Matahari kini sudah mulai menenggelamkan diri, dan kembali ke peraduannya. Langit yang tadinya berwarna jingga kemerahan kini sudah berubah gelap, karena rembulan dan bintang-bintang sudah datang menyapa.
Di sebuah balkon kamar, tampak seorang wanita setengah baya yang tidak lain adalah Naura tengah duduk dan tatapannya terlihat kosong seperti sedang memikirkan sesuatu. Jujur saja, perkenalannya dengan pemuda bernama Nathan meninggalkan banyak tanya di dalam hatinya. Ada sesuatu perasaan ingin memeluk pemuda itu yang berkali-kali berusaha untuk dia sangkal. Ada perasaan sedih dan senang yang bercampur menjadi satu ketika dia melihat sosok Nathan.

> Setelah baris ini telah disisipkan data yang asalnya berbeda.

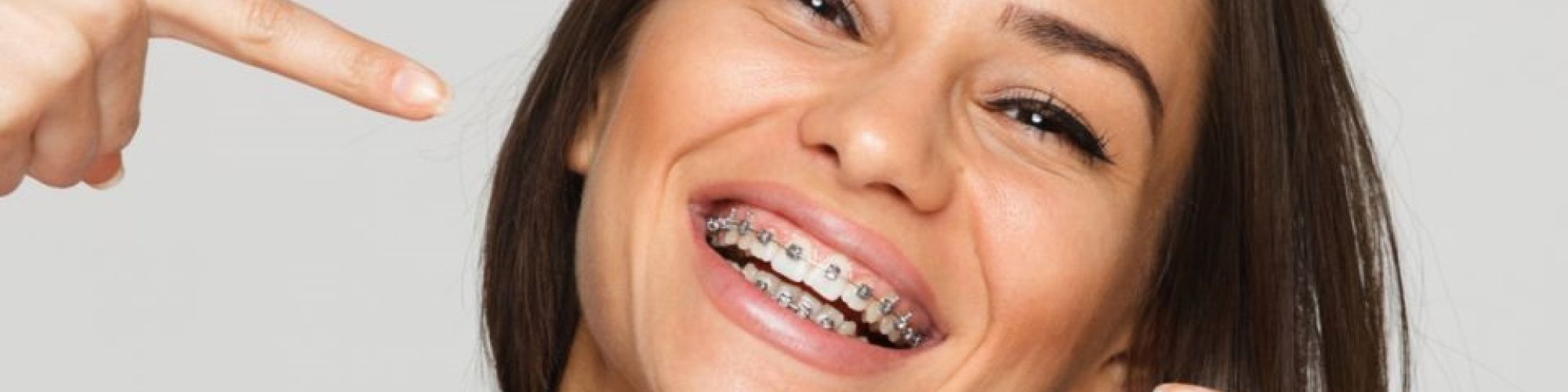 Centra Dental - How to Prevent Houston Braces from Breaking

"Sayang, aku cariin dari tadi, ternyata kamu di sini." tiba-tiba seorang pria yang tidak lain adalah Rehan suaminya sudah berdiri di samping Naura. Namun Naura sama sekali tidak terganggu dengan kehadiran Rehan karena wanita itu masih sibuk dengan segala pertanyaan yang ada di pikirannya.
"Sayang, kamu dengar aku nggak?" Rehan menyentuh punggung Naura dengan lembut, hingga membuat Naura terjengkit kaget.

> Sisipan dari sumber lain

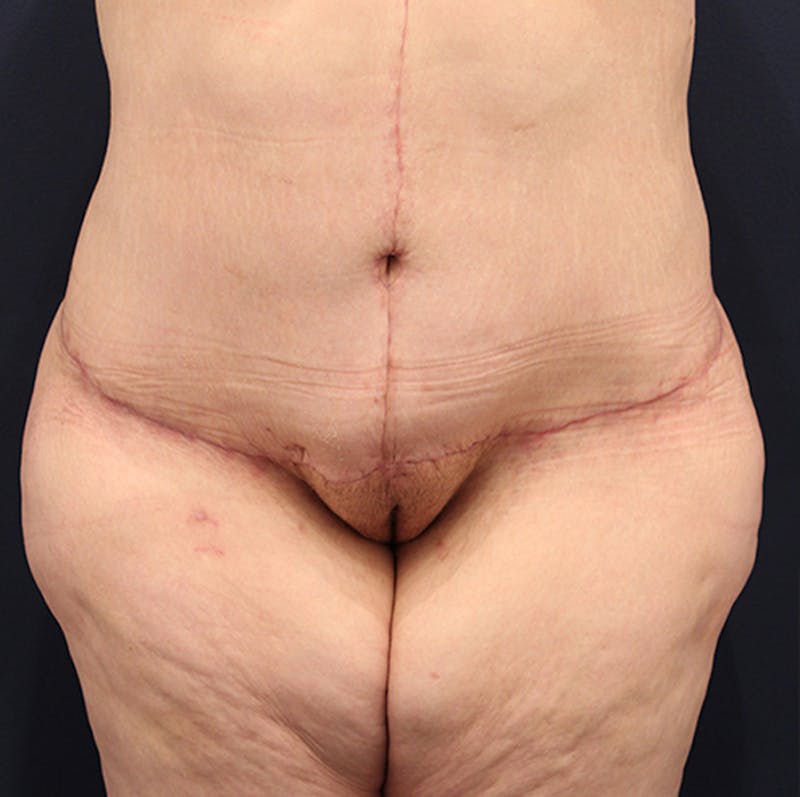 Massive Weight Loss Before & After Gallery - Patient 174164454 - Image 2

"Astaga, ngagetin aja. Kenapa kamu datang nggak bilang-bilang sih, Pah?" Naura mengelus-elus dadanya.
"Kamu aja yang nggak dengar. Apa ada yang menggangu pikiranmu?" tanya Rehan antusias.
"Emm, tadi Nicholas bawa seorang pemuda yang masih remaja Pah, namanya Nathan. Entah kenapa, aku merasa seperti memiliki hubungan dengan anak itu. Hubungan apa, aku tidak tahu sama sekali karena setiap kali aku mengingat nama itu,kepalaku langsung sakit," jelas Naura. "Yang paling membuat aku bingung, dia pintar melukis sepertiku,dan setiap aku melihat wajah dan sorot matanya aku seperti ingin menangis. Aku bingung Pah, dengan apa yang kurasakan. Aku udah berulang kali menyangkal perasaanku, tapi tetap tidak bisa. Kenapa aku bisa seperti itu ya, Pah? padahal ini pertama kalinya aku melihat dia?" terlihat titik sendu pada sorot mata wanita itu.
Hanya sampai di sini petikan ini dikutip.